A variation on this theme is collaborative law, in which you hire collaborative lawyers without a full team to support you through the process.
Collaborative divorce can be a very effective approach to divorce, since there are professionals available to handle the legal, financial, emotional, and children’s issues that will inevitably arise during the process. The diverse perspectives provided by the collaborative team members facilitate a fair and respectful settlement process.
You should consider the collaborative approach to divorce if both of you are willing and able to negotiate in good faith, and spend the time and energy necessary to reach a mutually-agreeable settlement. However, collaborative divorce will not work well for couples who are unwilling to compromise, communicate, and commit to reaching a resolution. If one of you is not actually negotiating in good faith, or not interested in reaching agreement, the process will likely fail.
Although only about 5% of divorces go to court, you should understand the process if you are not good candidates for any of the Alternative Dispute Resolution (ADR) models described above – or if you fail to reach agreement during ADR. In divorce cases that go to trial, both sides have a chance to make their case (either as a pro se litigant or one who is represented by a lawyer); instead of crafting their own agreement, they rely on the knowledge and discretion of a judge to determine their future.
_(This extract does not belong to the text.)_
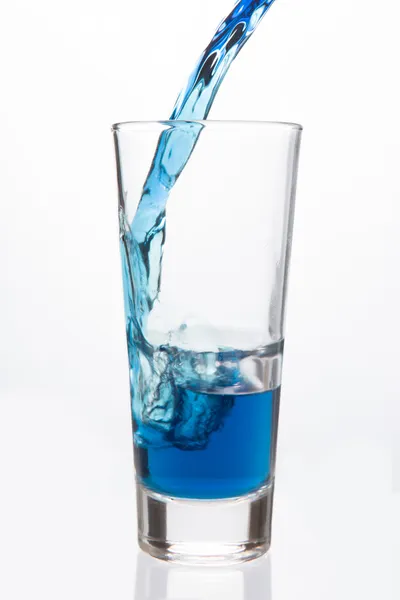 Glass being filled with blue liquid — Stock Photo, Image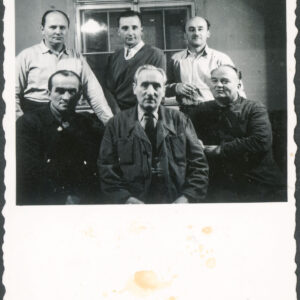 troje siedzących mężczyzn; z tyłu troje mężczyzn na stojąco; w tle okno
Litigation fees can be very expensive, especially in difficult, drawn-out divorce cases. Another unfavourable aspect of litigation is that couples who are unable to reach an agreement without the intervention of the court often struggle with the judgement delivered to them. Divorcing parties are more likely to honor a divorce settlement that they have contributed towards rather than the orders mandated by a judge.
If you would prefer to retain control over the outcome of your divorce, litigation is not an ideal method for resolving your dispute. On the other hand, if you are comfortable entrusting a judge with your divorce outcome or if other approaches to divorce dispute-resolution have been unsuccessful, litigation may be necessary.
Pro Se/In Propria Persona
At the other end of the spectrum from litigation is Pro Se representation. Sometimes called “In Propria Persona” or “Pro Per” (from the Latin meaning “in one’s own person”), in this approach to divorce, either one or both parties choose not to hire a lawyer to represent them. The Latin term Pro Se translates as “on one’s own behalf”, meaning that the litigant is acting as his/her own attorney in a lawsuit – including self-representation in court. A pro se party is responsible for properly completing all relevant legal paperwork, remembering important court dates, doing his/her own research and discovery, and assuming any other responsibilities otherwise handled by a divorce lawyer.
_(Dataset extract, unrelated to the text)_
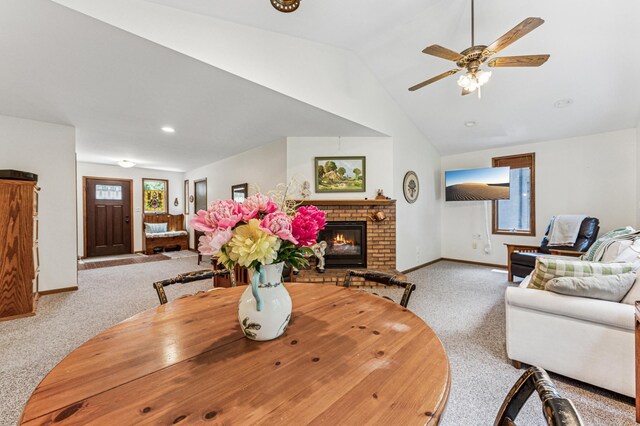 3703 Beard Ave N, Robbinsdale, MN 55422 - carpeted dining area with a fireplace, ceiling fan, vaulted ceiling, and recessed lighting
Many people who opt for self-representation do so for the financial benefit of avoiding lawyer fees and to maintain complete control of their case; however, pro se parties face risks not shared by their represented peers. In addition to the extra stress of representing yourself at court appearances, you may struggle to understand the tax and legal implications of a property settlement, and may also fail to grasp the long-term consequences of the support agreement you’re negotiating. Pensions and retirement accounts are high-value marital assets, some of which have complex rules about how – or even if – they can be divided requiring expert advice and assistance.
If your divorce is straightforward, uncontested, you have no children or significant assets, and you are capable of doing thorough research and court preparation without assistance, pro se representation may be an appropriate option for you. However, if your divorce involves child custody or support, spousal support, significant property or pension division, then pro se is probably not the right choice for you.